Some ancestor had a thing for trees that drop crap on the ground. At one corner is a black cherry about 100 feet tall, pruned and ravaged by too many hurricanes but still hanging in there enough to drop a crop of inedible black gooey cherry-like things on the ground every fall. In the other corner is a chestnut tree — pretty in the spring when it blossoms into big white splendor that reminds me of Paris — but evil in the fall when it drops spiked nut casings on the sidewalk where I walk barefoot with my scull on the way to the water for a morning row.
In the back corner is a honey locust — a tree that by all rights should be dead given its gaunt and splintered appearance, but which throws off a prodigious number of seed pods that for lack of a more delicate simile look like big brown curly tree turds.
These things have been a fact of life around the old homestead my entire life — laying on the ground, feeding an occasional squirrel, rolling like maracas across the yard during a strong blow, but useless somehow, stiff, leatherlike, foot-long curlicues of tree feces with no discernible function other than to insure the spawning of more honey locusts.

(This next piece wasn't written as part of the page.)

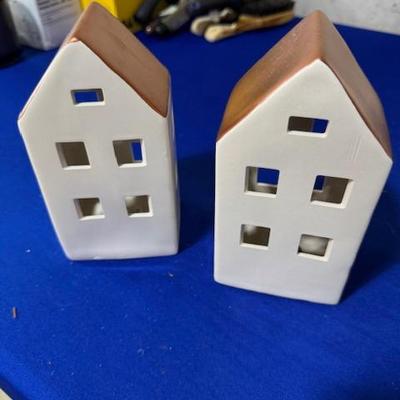 Sale Photo Thumbnail #28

I can think of no more unattractive tree for a family back yard than a honey locust. My friend Dan has one in his yard down the street and has hung a tire swing from it. Nice except for the satanic spikes that bristle from the trunk, waiting for some nine-year old kid to swing in and impale himself like a gore scene from Omen 666.
The turds are tenacious, and hang onto the branches long past the usual leaf-fall in October and November. They hang there still, rattling in the winter winds, cascading down at the rate of one a second during wet snow storms, littering the landscape as if a pack of neighborhood dogs convened and decided to use my lawn for a mass defecation ritual.
Yesterday I drafted (against his will, but bribed with a cheeseburger club sandwich) Junior into helping me rake up yet another cubic ton of tree poop. Of course it snowed last night and another bumper crop has fallen, but it was semi-nice to do yardwork in January and find an excuse to escape the stifling indoors.